I'm thinking about writing my own RTS game and while I'm more or less clear about how the game engine should work, I need some directions as to how to implement physics and collision detection.

Now, I am an experienced programmer but I have never ever done game dev before, so please excuse me my poor/incorrect terminology.

There will be a large 3D (i.e. planes, hills, valley, etc) world with lots of units, moving and/or fighting simultaneously and lots of projectiles flying around. So the most important thing is, physics and collision computation must be very fast.

Could you please point me in the right direction?
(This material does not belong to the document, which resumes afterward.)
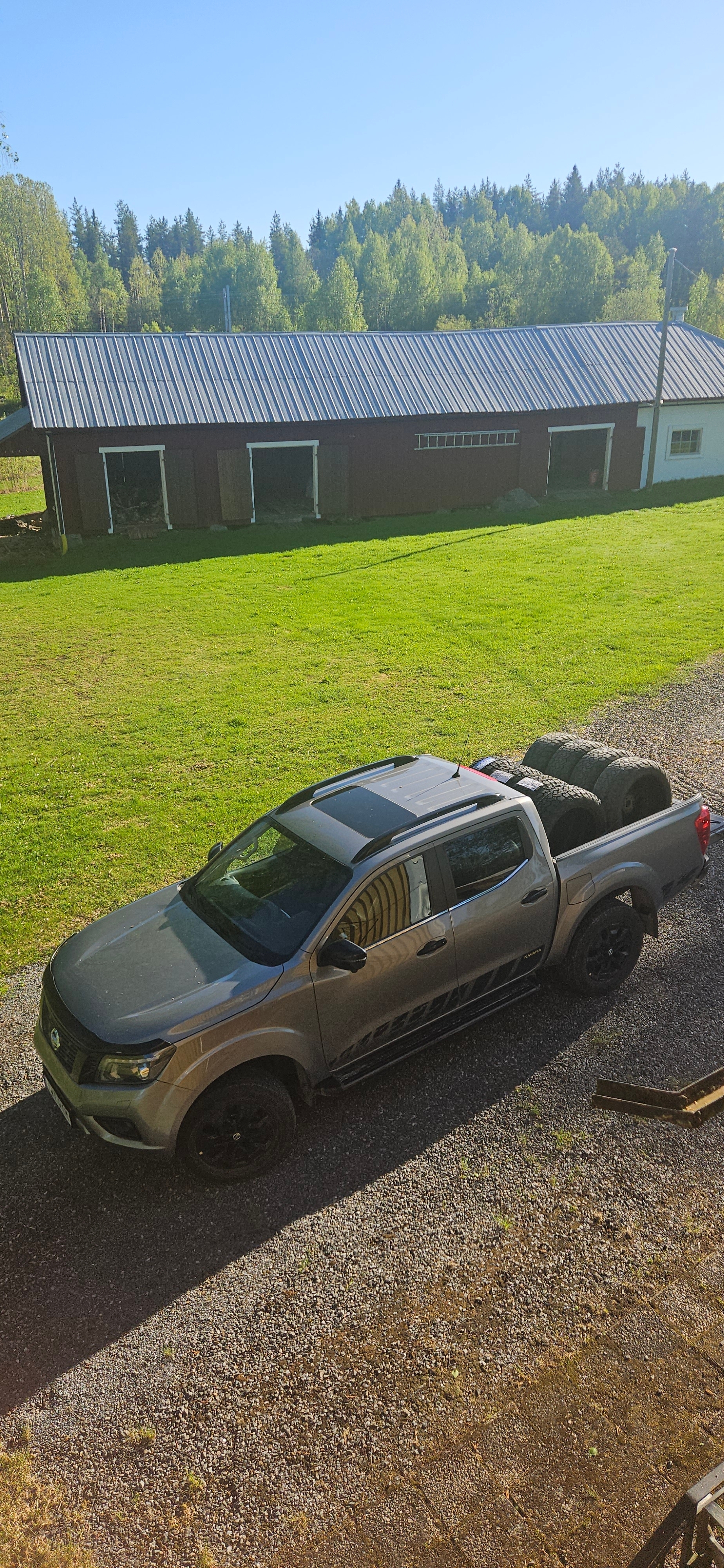 Nissan Navara 2020, bild 7/7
Idea I'm elaborating on is some kind of 3D tiles, with every unit's position being x,y index of tile + elevation (e.g unit staning on the hill or on the fortress wall). the smallest unit will occupy for examle one tile horizonally and 5 vertically. With every tile having 3x3x1 aspect ratio (e.g. 15x15 horizontally and 5 pixels height).
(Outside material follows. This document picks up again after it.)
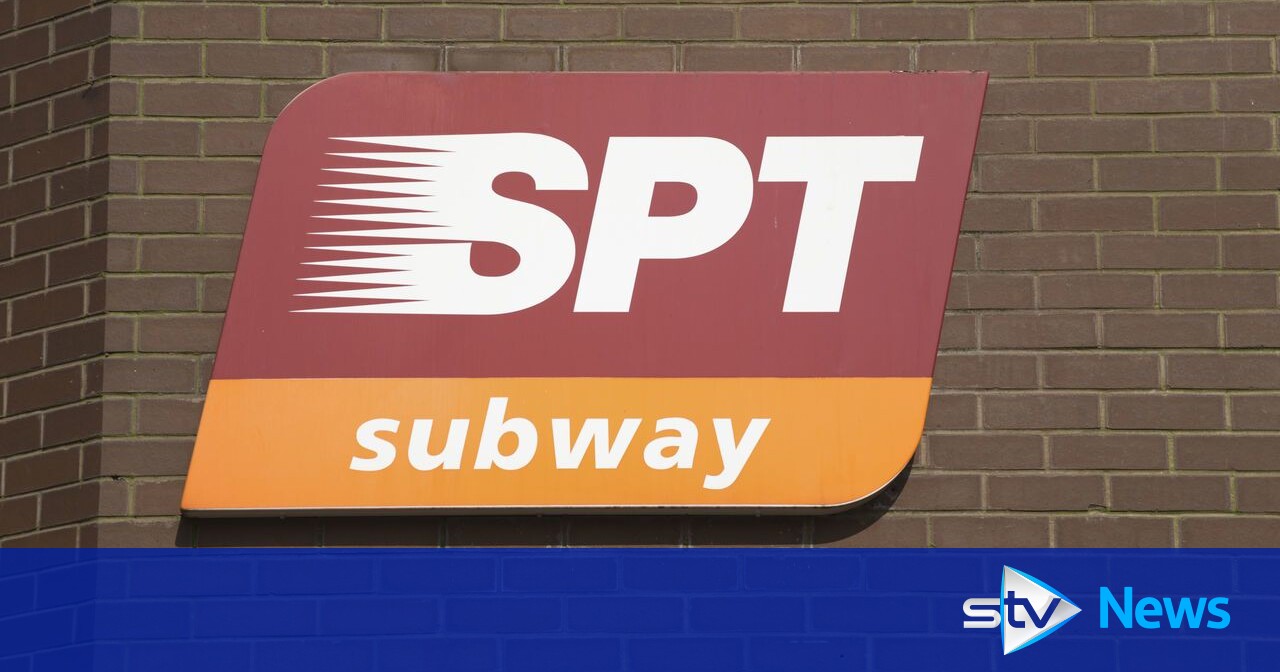 Glasgow Subway line closed due to 'passenger-related incident'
How realistic is this? How would you approach this? Are there any 3d physics/collision engines which are fast enough for such application?
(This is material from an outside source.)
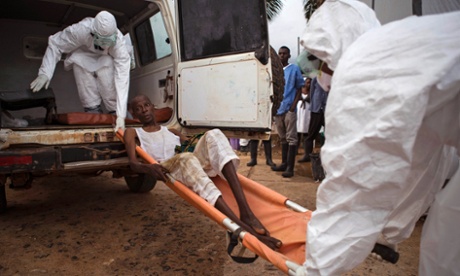 ebola sierra leonne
• Is this game targeted at mobile consumers? Practically, the Bullet Physics Engine is good enough if you use it efficiently (no complicated physics meshes). Commented Jul 20, 2012 at 16:42
• No, it's for desktop computers (Windows, MacOS X, Linux). I read about Bullet, but it seems a bit of overkill? How efficient it will be with say 10000 units and yet more projectiles? Commented Jul 20, 2012 at 16:43
• @aleguna: In general, projectiles don't need collisions. A projectile, once fired, is going to hit its target. It's simply a matter of when it gets close enough. Commented Jul 20, 2012 at 17:13
• @NicolBolas That's up to him though, isn't it? If something else moves in front of the projectile, personally I would prefer the projectile to hit that instead of just passing through. aleguna: nvidia's physx SDK (binary, no source) is free for use on windows, linux, mac and ps3. It runs just fine on the CPU, some of the nvidia demos have ~40.000 debris particles colliding with a non-trivial ground and bouncing. So simple projectile collisions, if you use built-in optimized primitive collision shapes(say capsules for projectiles, boxes for units), should work fine on the CPU.